The Apple-friendly Geekbench 3 test results suggest that the performance of the new MacBook is still better than premium 13-inch Ultrabooks running Windows 8.1 like the HP Spectre x360 or the Lenovo Yoga 3 Pro, but our standard Windows benchmarks suggest the MacBook is somewhat underpowered compared to Windows PCs. Keep in mind that the MacBook’s scores from the Windows benchmarks might be skewed by the lack of optimized Windows drivers for the MacBook.
No matter how you look at it, the Intel Core M-5Y31 and the integrated Intel HD Graphics 5300 simply won’t deliver jaw-dropping speed. This laptop is all about being thin and delivering great battery life.
Our 2015 Apple MacBook features the following specifications:
- 12-inch Retina display (2304 x 1440 pixels)
- 1.1 GHz Intel Core M-5Y31 dual-core processor (4MB cache, Turbo Boost up to 2.4 GHz)
- 8 GB onboard system memory (1600 MHz, LPDDR3)
- 256 GB PCIe-based onboard flash SSD storage
- Intel HD Graphics 5300 (integrated)
- 802.11ac Wi-Fi (802.11a/b/g/n compatible)
- Bluetooth 4.0
- USB-C port
- 480p FaceTime camera
- 39.7-watt-hour lithium-polymer battery
- 29W USB-C power adapter included
- Dimensions: 0.14-0.52 x 11.04 x 7.74 inches (0.35-1.31 x 28.05 x 19.65 cm)

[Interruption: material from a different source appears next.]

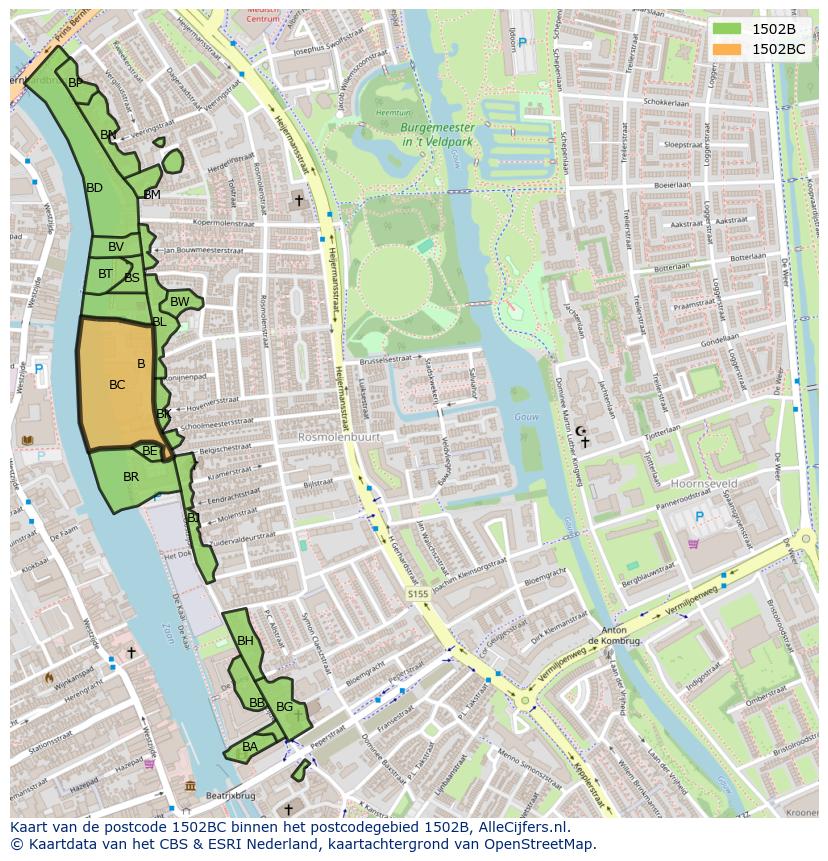 Afbeelding van het postcodegebied 1502 BC op de kaart.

- Weight: 2.03 lbs (0.92 kg)
- Price as configured: $1,299.00
PCMark8 Home (Accelerated) measures overall system performance in Windows 8 for general activities from web browsing and video streaming to typing documents and playing games (higher scores mean better performance):
Heat and Noise
The MacBook is essentially silent thanks to the use of a solid state drive for storage and no cooling fan or optical drive to make extra noise. We didn’t notice any high-pitched CPU whine during our testing, so the only noise coming from the MacBook should be audio from the built-in speakers.
External temperatures are likewise kept in check (essentially the same as skin temperature) thanks to the passively cooled Intel Core M-5Y31 and the form-fitting aluminum chassis that serves as a giant heat sink for the logic board. The CPU and the rest of the logic board are seated on an anisotropic graphite sheet that works like thermal paste to disperse heat to the MacBook’s aluminum body. This would be a problem if Apple used a higher-performance, higher-wattage CPU, but a benefit of the low-power processor is less heat.
Apple has earned a reputation for delivering exceptional battery life, and the new MacBook follows that rule. While the Intel Core M-5Y31 falls short in terms of raw computing power, it more than makes up for that shortcoming by minimizing the battery drain. The TDP of this processor is just 4.5 Watts compared to roughly three times as much power consumption (15 Watts) from the Core i5-4260U processor in last year’s 11-inch MacBook Air.
Combine that modest power consumption with an impressive 6-cell lithium-polymer battery rated at 39.7 Watt-hours that is spread out over most of the internal space. The logic board inside the MacBook takes up only a fraction of space while the battery fills most of the internal volume of the chassis.
Apple claims the MacBook delivers “up to 9 hours of wireless web” use, or “up to 10 hours of iTunes movie playback” but we didn’t get that kind of battery life with the screen brightness set to auto and moving somewhere between a brightness setting around 11 and the maximum brightness of 16. We consistently triggered the MacBook’s battery alert after 5-6 hours of non-stop web browsing, video streaming, and light productivity (typing in a Pages document or editing a photo in iPhoto). That being said, the high-resolution Retina display certainly consumes the majority of battery power; you should be able to get more than 7 or 8 hours of battery life if you manually set the screen brightness to a lower level.